Read the data from the lookup sheet into a 2D array, then build a dictionary object with the ISIN value as the key, and the array "row" number as the value. Use the dictionary to extract matched row values from the array to populate to the sheet being filled. Faster if you first pull the "to be filled" and ISIN columns from the output dataset sheet, fill them using the dictionary and the lookup array, then at the end write them back to the output sheet. Basically try to avoid any cell-by-cell operations.
Using the code below, with both tables containing 150k rows (second table sorted randomly), I filled two columns in the first table in 3-4 sec.
Note if you need cross-platform support you can use a Collection in place of the dictionary, which is not available on Mac.
Sub Tester()
Dim arrDest, arrSrc, ws As Worksheet, isin As String
Dim dict As Object, r As Long, rMatch As Long
Dim rngDest As Range
'both my tables are on one sheet for testing
Set ws = ThisWorkbook.Worksheets("Sheet1")
'table to be filled
Set rngDest = ws.Range("A1").CurrentRegion
arrDest = rngDest.Value 'read to 2D array
'data used as lookup table, as an array
arrSrc = ws.Range("I1").CurrentRegion.Value
Set dict = CreateObject("scripting.dictionary")

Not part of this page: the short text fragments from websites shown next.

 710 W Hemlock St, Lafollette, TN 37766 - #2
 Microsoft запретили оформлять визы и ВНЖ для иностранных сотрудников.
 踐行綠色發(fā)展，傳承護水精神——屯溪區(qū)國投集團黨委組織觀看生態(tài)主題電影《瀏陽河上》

'map isin to row number in lookup table array
For r = 2 To UBound(arrSrc, 1)
isin = arrSrc(r, 1)
If Len(isin) > 0 Then dict(isin) = r 'assumes no duplicates in lookup table
Next r
'loop the report table and try to match values in the lookup table
For r = 2 To UBound(arrDest, 1)
isin = arrDest(r, 1)
If Len(isin) > 0 Then
If dict.Exists(isin) Then 'have a match?
rMatch = dict(isin) 'matched row
arrDest(r, 3) = arrSrc(rMatch, 2) 'copy a couple of values
arrDest(r, 5) = arrSrc(rMatch, 3)
End If 'have match
End If 'not zero-length
Next r
rngDest.Value = arrDest 'replace data with updated array
End Sub
My test tables (shorter version):
Added: for anyone who needs cross-platform support (Windows/Mac) here's the basic "row map" approach using a Collection in place of a Dictionary. Loading the collection with 150k items takes about 10% longer than loading a dictionary of the same size, but retrieval by key is actually about 5x faster using a collection. Also seems like the Collection performance scales better for larger numbers of keys - for 400k items load and read is approx. 2.2 and 0.7 sec but for dictionary it's approx. 10.5 and 10 sec (much slower)

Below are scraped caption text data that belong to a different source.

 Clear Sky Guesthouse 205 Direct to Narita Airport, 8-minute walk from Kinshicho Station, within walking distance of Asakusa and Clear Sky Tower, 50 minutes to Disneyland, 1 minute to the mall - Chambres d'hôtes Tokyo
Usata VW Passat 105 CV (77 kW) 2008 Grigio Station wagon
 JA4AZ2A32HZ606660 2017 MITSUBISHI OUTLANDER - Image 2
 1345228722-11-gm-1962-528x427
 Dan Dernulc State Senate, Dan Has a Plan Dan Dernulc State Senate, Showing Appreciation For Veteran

'Using a Collection like a dictionary for mapping column values
' to their position in a dataset
Sub CollectionTest()
Dim arr, r As Long, col As Collection, t, k As String, v
Set col = New Collection
'Source range A1:A150000 filled with "Val_000001", "Val_000002", etc
' sorted randomly
arr = Range("A1").CurrentRegion.Value
t = Timer
For r = 1 To UBound(arr, 1)
k = arr(r, 1)
'Add the row number as value and cell content as key
' note your row keys should be unique
If IsEmpty(KeyValue(col, k)) Then col.Add r, k
Next r
Debug.Print col.Count & " items"
Debug.Print "Loaded row map in " & Timer - t
t = Timer
For r = 1 To 150000
k = "Val_" & Format(r, "000000")
v = KeyValue(col, k)
If r < 5 Then Debug.Print "Key " & k & " at row# " & v
Next r
Debug.Print "Retrieved values in " & Timer - t
End Sub
'Retrieve value for key `k` from collection `col`
' Returns Empty if there's no such key
Function KeyValue(col As Collection, k As String)
On Error Resume Next 'ignore error if no match for `k`
KeyValue = col.Item(k)
End Function